[What you have to do]
Only the lines from the one holding "Single Location 3" through the end of the records below are to be reproduced exactly, and pictures are to be omitted.

[Provided records]
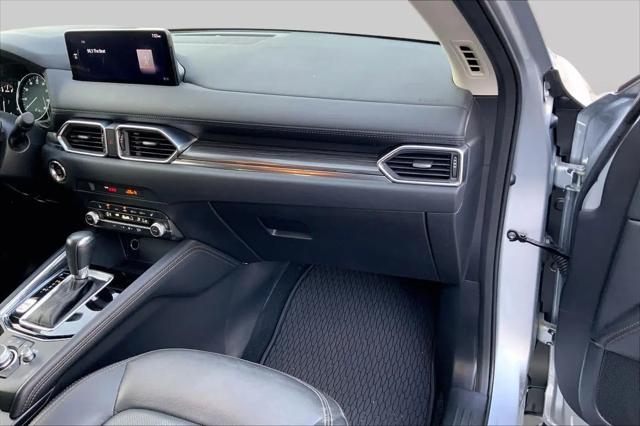 2023 Mazda CX-5 2.5 S Premium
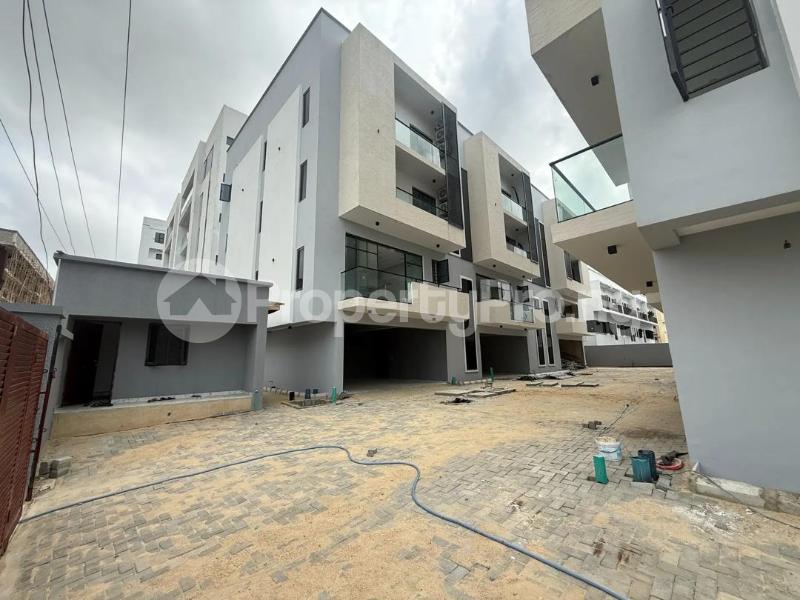4 bedroom House for sale Lekki Phase 1 Lekki Lagos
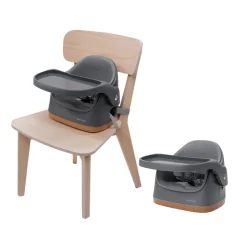 Siège de table jay graphite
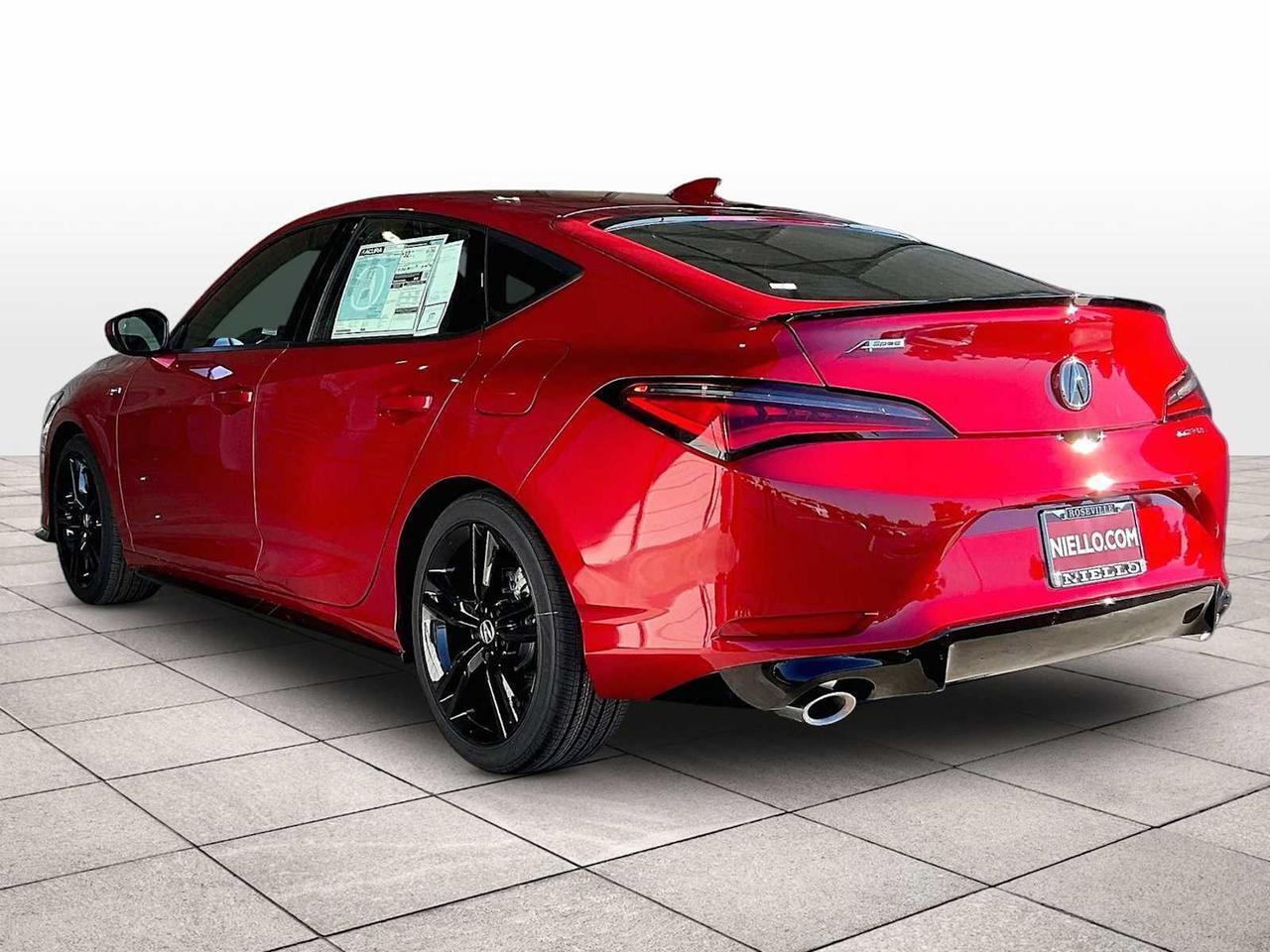 2026 Acura Integra w/A-Spec Package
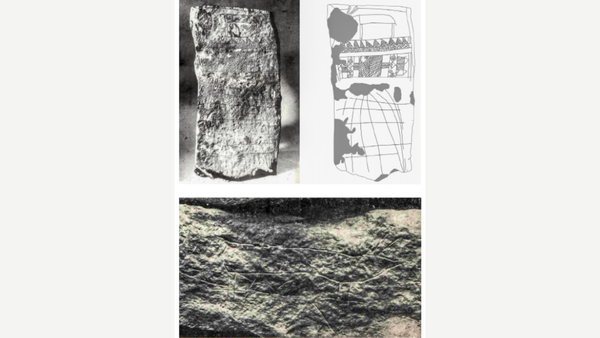 Ancient tomb carvings in the South Caucasus may have revealed a 4,000-year-old ‘messages from the dead’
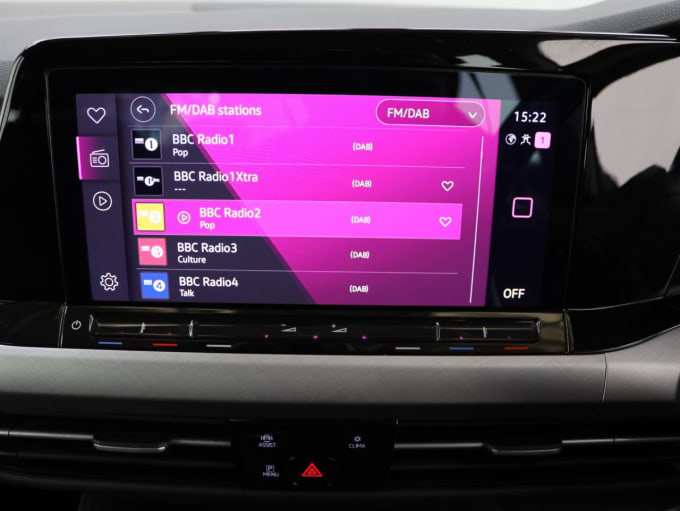 2025 Volkswagen Golf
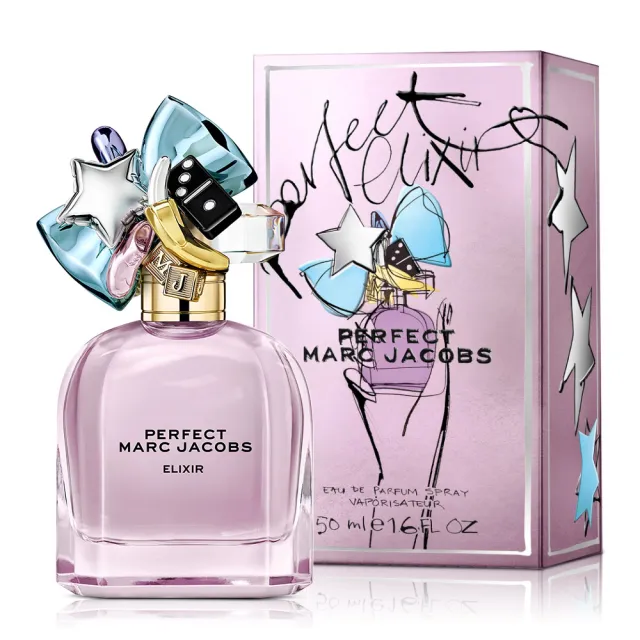 【MARC JACOBS】Perfect 極韻女性淡香精50ml(專櫃公司貨)
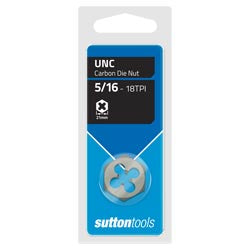 SUTTON 1/4 UNC DIE NUT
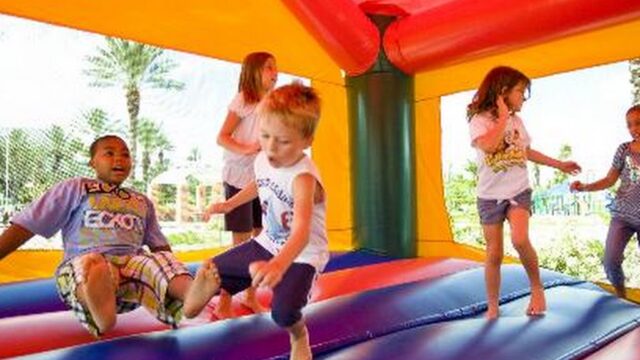 Single Location 3 Kids Party Rentals in Pawtucket, RI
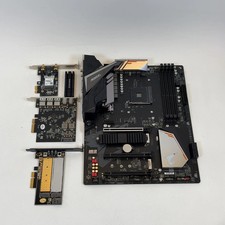Gigabyte B450 Aorus Pro Wifi AM4 ATX AMD DDR4 Motherboard picture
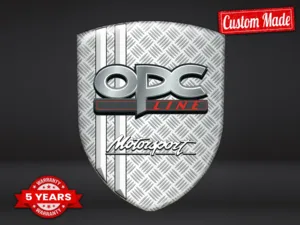 OPC Vinyle Auto Sur Mesure Sport Qualité Robuste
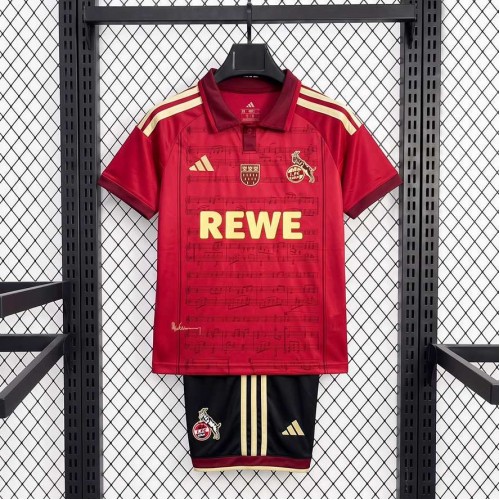 acheter Maillot 1. FC Koln Enfant Willi Ostermann 2026/2027 acheter Maillot 1. FC Koln Enfant Willi Ostermann 2026/2027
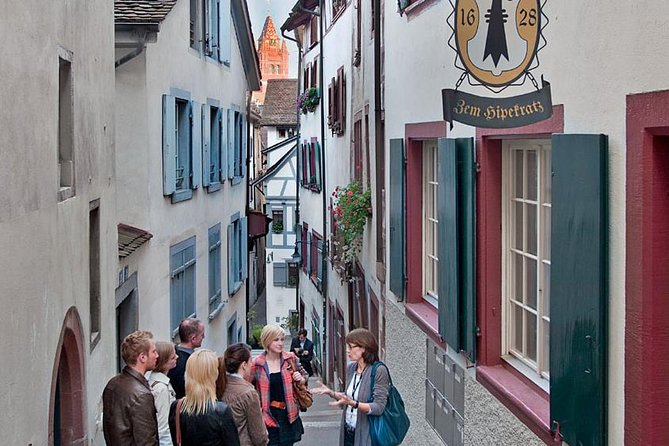 Stories of Basel's Old Town - Barfüsserkirche and the city’s museum story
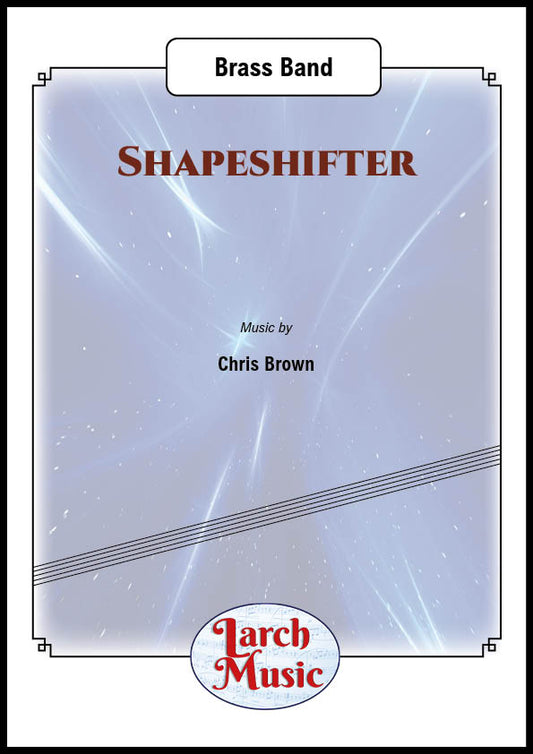 Shapeshifter - Brass Band - LM337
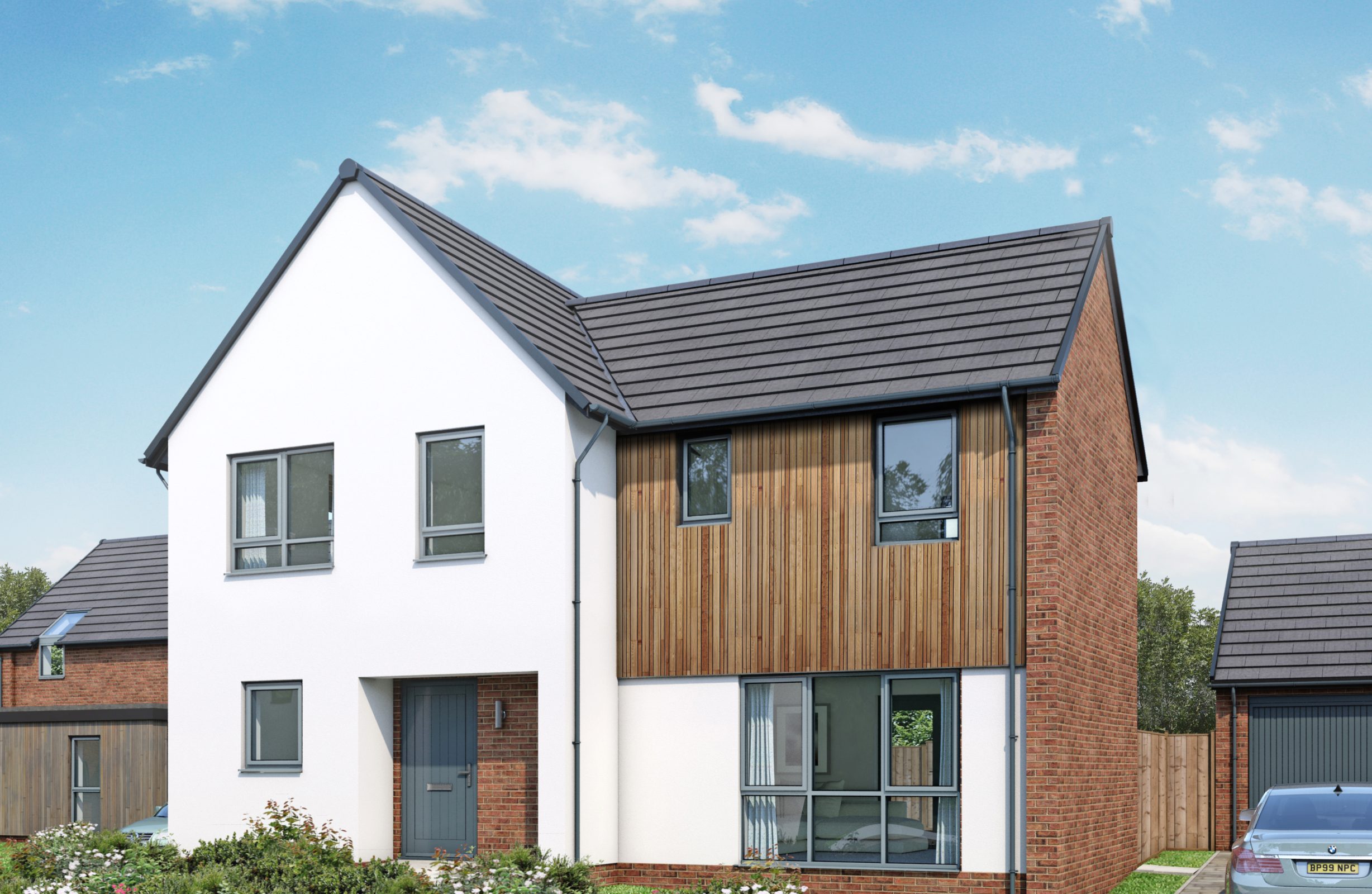 4 Bedroom Home for Sale Farmhouse 4 Kingswood Homes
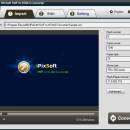 iPixSoft SWF to HTML5 Converter screenshot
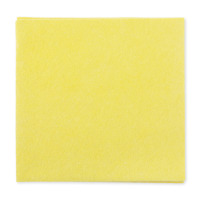 Doek geel Velma 38x40cm(20st)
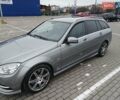 Сірий Мерседес Ц-Клас, об'ємом двигуна 3 л та пробігом 250 тис. км за 6300 $, фото 1 на Automoto.ua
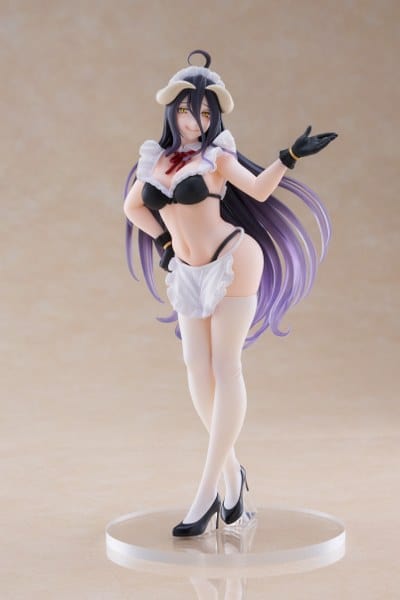 TAITO Overlord IV Albedo (Maid Ver.) Coreful Figure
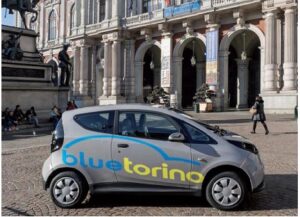 Turin se met à Autolib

[Written response]
 Single Location 3 Kids Party Rentals in Pawtucket, RI
Gigabyte B450 Aorus Pro Wifi AM4 ATX AMD DDR4 Motherboard picture
 OPC Vinyle Auto Sur Mesure Sport Qualité Robuste
 acheter Maillot 1. FC Koln Enfant Willi Ostermann 2026/2027 acheter Maillot 1. FC Koln Enfant Willi Ostermann 2026/2027
 Stories of Basel's Old Town - Barfüsserkirche and the city’s museum story
 Shapeshifter - Brass Band - LM337
 4 Bedroom Home for Sale Farmhouse 4 Kingswood Homes
 iPixSoft SWF to HTML5 Converter screenshot
 Doek geel Velma 38x40cm(20st)
 Сірий Мерседес Ц-Клас, об'ємом двигуна 3 л та пробігом 250 тис. км за 6300 $, фото 1 на Automoto.ua
 TAITO Overlord IV Albedo (Maid Ver.) Coreful Figure
 Turin se met à Autolib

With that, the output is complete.